Just an FYI, I have been seeing alot of chatter on the internet about RAM and SSD prices about to drop due to little demand and too much supply.
Also seeing rumors of the flagship 3XXX going for $1399 USD. Obviously nothing solid but something to think about.
As for your build, Id go Intel, but Im an Intel guy. MSFS might be the only game to benifit from multi cores though, which would make the AMD better.
RAM 32GB is the min for flight sims.(IMO) If you can go 64.
As for the cooler, the Noctua is a beast! I believe its bigger than a radiator for a Yugo. Just make sure you have room.
DCS will benefit from more RAM as well. I believe DCS lists 16 as a requirement but also says 32 in heavy missions. Which means it benefits from more RAM.
Have you seen any benchmarks regarding this? Only thing I could find was speculation from before the release. When I looked at MSI afterburner, MSFS 2020 had a cpu usuage of around 40-45% while flying with a 9th gen i7 (8 core no HT). Basically the same as DCS. Maybe that’s not a good indicator I’m just curious if the multi core hype was real or not.
Currenlty here (gpu placeholder obviously). Not waiting for new cpus. The AMD 3950X is already $1000. New AMD cpus aren’t going to be any cheaper really. And as you say, always something around the corner. Will compare my list with above later. Gotta work ahhhh.
Hmm. That seasonic leak appears to indicate 850w PSU recommended… Anyone know off-hand whether that’s new for this upcoming GPU set or whether they often recommend that?
I’ve always heard 850 is overkill, but I wouldn’t surprised if we might actually get near to 750w now with that massive beast.
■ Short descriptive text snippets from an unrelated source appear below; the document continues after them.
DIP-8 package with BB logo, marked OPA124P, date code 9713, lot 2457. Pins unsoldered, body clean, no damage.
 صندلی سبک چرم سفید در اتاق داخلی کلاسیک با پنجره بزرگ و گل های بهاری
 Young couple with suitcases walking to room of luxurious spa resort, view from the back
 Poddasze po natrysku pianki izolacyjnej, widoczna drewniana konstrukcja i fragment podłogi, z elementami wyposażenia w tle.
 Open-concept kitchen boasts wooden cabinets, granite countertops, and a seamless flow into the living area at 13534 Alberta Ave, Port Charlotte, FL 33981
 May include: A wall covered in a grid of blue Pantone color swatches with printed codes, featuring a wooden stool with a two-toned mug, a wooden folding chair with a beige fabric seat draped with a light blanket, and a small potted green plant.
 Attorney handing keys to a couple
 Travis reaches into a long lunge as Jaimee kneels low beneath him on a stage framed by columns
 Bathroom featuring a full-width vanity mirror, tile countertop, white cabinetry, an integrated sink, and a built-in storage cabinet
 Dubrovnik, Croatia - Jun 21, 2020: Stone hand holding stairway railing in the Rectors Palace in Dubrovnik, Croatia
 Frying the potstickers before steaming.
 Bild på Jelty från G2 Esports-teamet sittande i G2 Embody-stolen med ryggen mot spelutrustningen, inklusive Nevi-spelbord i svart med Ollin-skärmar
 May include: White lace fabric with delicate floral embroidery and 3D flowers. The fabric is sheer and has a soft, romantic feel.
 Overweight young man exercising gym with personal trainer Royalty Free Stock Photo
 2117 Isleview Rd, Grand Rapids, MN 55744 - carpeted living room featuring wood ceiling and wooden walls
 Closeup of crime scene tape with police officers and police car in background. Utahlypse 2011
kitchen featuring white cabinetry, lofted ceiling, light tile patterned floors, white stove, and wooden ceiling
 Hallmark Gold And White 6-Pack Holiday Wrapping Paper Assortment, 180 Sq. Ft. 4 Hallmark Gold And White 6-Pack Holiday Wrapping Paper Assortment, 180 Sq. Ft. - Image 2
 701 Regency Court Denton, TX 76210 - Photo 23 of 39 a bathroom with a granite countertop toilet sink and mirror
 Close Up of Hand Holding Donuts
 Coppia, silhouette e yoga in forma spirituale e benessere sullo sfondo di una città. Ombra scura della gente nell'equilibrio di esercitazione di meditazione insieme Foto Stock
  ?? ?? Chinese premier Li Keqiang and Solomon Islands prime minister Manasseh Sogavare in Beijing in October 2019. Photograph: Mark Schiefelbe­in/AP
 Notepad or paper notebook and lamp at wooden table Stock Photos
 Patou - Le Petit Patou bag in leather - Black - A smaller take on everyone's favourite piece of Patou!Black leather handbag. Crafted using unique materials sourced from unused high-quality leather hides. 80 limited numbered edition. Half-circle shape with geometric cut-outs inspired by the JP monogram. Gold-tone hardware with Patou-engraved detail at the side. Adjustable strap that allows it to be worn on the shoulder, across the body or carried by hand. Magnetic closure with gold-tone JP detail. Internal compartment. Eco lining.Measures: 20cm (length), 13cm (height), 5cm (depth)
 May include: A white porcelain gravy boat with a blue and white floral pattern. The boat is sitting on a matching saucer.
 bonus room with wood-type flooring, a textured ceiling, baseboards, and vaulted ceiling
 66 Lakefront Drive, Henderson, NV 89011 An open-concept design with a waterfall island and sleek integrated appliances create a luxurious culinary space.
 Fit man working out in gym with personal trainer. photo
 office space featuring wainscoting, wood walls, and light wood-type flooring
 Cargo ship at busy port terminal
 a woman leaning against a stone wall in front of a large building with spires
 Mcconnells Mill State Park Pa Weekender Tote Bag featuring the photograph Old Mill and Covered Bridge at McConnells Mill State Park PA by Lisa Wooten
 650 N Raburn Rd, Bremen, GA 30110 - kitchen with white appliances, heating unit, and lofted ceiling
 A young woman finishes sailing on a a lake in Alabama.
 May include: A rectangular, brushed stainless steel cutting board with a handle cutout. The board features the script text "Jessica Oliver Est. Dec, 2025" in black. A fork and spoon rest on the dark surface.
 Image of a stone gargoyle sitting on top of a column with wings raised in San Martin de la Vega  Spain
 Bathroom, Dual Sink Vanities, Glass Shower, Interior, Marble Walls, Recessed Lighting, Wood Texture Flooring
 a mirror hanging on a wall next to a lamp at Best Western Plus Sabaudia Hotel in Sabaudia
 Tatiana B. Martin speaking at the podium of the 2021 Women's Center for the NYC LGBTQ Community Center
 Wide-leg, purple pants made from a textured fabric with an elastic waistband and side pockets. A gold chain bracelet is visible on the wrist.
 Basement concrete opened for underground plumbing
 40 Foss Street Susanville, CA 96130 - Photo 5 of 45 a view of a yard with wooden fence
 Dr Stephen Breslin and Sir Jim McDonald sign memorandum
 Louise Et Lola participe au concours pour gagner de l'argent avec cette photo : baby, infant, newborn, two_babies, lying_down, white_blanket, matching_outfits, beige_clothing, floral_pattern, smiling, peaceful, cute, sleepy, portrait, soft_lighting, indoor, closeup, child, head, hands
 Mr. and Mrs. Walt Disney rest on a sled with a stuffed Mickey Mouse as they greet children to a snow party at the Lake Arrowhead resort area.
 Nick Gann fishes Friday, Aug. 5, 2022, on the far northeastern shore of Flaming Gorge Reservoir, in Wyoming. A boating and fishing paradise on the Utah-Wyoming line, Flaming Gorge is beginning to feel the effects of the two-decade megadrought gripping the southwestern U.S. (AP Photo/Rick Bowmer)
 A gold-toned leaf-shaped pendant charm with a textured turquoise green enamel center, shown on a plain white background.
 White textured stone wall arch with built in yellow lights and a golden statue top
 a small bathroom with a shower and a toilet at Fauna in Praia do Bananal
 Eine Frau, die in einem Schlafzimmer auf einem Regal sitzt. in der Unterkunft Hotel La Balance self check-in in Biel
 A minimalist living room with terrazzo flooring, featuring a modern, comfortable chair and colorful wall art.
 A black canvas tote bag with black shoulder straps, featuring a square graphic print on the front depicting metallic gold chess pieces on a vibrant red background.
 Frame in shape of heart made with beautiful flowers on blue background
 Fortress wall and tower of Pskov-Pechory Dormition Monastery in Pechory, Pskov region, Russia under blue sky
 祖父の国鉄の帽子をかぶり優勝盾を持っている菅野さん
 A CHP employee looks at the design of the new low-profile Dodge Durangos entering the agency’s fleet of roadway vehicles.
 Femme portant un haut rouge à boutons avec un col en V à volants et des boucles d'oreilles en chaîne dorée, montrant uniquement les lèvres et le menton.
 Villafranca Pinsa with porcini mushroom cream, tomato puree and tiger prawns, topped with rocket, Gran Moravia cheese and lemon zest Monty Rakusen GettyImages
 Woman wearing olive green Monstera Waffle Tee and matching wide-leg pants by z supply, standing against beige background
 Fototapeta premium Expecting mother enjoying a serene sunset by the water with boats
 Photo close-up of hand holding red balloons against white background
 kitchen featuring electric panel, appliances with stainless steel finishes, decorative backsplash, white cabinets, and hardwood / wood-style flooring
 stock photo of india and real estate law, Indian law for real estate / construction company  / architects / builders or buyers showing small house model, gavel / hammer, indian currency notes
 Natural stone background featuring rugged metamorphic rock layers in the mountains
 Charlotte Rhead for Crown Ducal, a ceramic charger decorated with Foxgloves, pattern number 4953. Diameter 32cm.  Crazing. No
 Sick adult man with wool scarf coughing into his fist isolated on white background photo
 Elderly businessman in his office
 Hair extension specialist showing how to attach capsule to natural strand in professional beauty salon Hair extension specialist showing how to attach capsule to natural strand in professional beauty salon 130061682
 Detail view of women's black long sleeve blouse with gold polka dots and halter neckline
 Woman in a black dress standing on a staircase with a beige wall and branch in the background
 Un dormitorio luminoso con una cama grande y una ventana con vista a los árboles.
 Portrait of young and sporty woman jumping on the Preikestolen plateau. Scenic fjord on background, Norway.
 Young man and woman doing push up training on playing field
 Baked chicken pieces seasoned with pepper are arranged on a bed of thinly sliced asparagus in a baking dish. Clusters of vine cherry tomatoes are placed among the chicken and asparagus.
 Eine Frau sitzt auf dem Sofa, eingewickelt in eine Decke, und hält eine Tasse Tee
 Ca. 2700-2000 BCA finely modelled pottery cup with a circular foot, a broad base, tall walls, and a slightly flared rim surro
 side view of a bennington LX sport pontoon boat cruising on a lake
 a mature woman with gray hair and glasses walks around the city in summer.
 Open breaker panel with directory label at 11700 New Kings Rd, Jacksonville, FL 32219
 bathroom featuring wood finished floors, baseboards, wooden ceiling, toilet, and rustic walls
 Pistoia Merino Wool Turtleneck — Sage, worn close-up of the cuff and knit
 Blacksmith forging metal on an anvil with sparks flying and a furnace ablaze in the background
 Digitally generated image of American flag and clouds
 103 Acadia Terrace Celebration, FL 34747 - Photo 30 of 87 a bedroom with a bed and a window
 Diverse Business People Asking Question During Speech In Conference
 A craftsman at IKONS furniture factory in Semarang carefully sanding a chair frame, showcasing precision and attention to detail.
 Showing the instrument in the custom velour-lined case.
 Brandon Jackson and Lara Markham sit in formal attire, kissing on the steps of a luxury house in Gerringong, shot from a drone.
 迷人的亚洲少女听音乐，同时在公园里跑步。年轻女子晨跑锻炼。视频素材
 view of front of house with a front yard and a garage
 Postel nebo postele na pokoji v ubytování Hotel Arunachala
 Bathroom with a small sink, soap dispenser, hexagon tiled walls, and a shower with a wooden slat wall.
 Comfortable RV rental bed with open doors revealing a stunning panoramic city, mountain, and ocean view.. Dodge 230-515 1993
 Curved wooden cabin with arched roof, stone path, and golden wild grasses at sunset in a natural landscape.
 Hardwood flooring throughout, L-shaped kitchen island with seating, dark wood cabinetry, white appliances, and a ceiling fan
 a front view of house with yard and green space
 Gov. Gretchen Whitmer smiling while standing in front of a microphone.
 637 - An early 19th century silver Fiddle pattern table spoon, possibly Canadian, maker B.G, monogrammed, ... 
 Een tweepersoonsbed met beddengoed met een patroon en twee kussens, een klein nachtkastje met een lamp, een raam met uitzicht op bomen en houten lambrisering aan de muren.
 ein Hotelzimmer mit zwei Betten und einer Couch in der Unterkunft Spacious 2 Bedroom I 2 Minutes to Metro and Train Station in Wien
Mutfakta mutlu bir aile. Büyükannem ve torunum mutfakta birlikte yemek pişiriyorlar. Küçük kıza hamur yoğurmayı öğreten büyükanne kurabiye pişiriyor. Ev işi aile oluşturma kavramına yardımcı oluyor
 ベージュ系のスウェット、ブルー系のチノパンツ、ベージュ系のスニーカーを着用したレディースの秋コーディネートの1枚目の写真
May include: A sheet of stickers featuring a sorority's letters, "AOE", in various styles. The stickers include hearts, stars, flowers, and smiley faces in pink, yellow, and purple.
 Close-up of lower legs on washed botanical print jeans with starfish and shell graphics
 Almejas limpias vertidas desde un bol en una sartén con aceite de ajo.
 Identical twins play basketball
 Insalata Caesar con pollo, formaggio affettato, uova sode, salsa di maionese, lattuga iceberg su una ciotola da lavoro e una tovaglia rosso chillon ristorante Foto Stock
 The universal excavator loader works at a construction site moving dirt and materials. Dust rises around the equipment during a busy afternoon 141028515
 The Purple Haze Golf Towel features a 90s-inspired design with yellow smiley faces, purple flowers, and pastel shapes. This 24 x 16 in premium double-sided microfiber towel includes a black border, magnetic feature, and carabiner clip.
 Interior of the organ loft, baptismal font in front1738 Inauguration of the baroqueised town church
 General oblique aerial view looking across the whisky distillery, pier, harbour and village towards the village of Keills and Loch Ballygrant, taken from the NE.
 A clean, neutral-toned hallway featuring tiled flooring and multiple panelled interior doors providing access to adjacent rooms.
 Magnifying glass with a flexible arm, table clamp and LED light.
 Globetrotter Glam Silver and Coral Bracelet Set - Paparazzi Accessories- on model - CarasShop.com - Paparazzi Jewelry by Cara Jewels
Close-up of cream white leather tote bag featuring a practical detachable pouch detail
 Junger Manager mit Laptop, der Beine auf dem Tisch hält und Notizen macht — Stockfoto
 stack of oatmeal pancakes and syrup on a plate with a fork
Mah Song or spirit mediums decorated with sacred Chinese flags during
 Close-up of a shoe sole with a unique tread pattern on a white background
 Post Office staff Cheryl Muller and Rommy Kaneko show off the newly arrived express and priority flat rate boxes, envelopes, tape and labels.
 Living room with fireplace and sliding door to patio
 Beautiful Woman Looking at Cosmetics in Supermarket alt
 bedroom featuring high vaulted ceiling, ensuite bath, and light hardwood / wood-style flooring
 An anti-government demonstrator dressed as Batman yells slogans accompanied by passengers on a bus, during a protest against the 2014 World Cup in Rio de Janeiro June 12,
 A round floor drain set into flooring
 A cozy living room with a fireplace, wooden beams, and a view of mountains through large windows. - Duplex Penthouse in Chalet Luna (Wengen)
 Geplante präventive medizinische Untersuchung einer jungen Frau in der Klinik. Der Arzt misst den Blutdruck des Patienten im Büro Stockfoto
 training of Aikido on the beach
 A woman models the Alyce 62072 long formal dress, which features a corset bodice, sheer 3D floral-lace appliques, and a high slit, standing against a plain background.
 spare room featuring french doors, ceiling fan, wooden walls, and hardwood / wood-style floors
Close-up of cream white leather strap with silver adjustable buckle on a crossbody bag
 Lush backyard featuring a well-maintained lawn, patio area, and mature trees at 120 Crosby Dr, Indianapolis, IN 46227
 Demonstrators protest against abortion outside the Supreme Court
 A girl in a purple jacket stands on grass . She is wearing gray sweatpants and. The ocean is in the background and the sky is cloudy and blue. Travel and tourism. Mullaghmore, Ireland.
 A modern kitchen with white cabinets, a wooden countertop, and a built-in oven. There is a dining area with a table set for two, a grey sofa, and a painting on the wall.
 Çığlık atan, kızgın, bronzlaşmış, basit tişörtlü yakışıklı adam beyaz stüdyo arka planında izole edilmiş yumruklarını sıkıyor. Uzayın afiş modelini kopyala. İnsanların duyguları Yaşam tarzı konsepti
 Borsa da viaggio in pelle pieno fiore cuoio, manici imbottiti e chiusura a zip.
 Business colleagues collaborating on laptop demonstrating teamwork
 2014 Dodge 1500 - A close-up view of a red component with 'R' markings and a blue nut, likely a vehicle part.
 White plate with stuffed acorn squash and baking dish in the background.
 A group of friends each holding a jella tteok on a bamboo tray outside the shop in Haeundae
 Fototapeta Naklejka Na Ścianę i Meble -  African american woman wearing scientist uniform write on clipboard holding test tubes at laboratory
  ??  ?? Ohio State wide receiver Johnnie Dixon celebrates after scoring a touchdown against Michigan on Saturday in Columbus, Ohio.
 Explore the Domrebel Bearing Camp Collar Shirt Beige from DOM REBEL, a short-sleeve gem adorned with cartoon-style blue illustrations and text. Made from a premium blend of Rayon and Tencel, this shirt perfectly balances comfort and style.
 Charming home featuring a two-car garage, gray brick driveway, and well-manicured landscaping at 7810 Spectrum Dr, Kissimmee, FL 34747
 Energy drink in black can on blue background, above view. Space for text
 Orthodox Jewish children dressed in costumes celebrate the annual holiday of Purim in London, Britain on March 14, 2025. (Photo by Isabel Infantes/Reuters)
I’ve got a 12 core AMD 3900X and it’s using all the cores quite evenly without using hyper-threading. I don’t like the look of core usage with hyper-threading on (24 threads) though. Way less even useage.
I’d recommend water cooling. Allows overclocking with zero worry of longterm damage. I’ve got the Corsair H150i. Don’t know if it mid tower compatible. I’m on a full tower.
I’m overclocked to 5.0ghz. Idle 27ish. Under load. 45-55.
The coolant is electrically inert, so they say.
Never had one leak, even after remounting and one pump failure on a very old unit.
Be wary with TDP values, and do not use them for PSU concerns as for example Intel defines TDP as power under a pre-defined “typical” intense load. This is not close to maximum thermal output and power consumption, where a 9900k’s 95W TDP can bloom to 220W (My own test under Prime95 Small FFT / Max heat - which is well beyond what any program getting your CPU to 100% usage can achieve).
However, I have not found how Nvidia sets TDP to know if the GPU’s TDP vs. Max power draw compares, but take a 180W GPU TDP and add it to my 220W actual test and we have 400W without powering the motherboard, drives, lights, cooler and fans.
If we use the same Actual:TDP ratio the GPU could theoretically reach 417W so 220 + 417 and we’re at 637W for CPU and GPU alone, but again this is theoretical.
I have always liked this tool:
As well, rumor before launch showed the I9-10900K peaking at around 300W, and that Intel might have to de-tune it as the motherboards were already made and the VRMs couldn’t handle that load. I haven’t followed up since, but I would definitely check in to that and account for actual max power draw to be safe.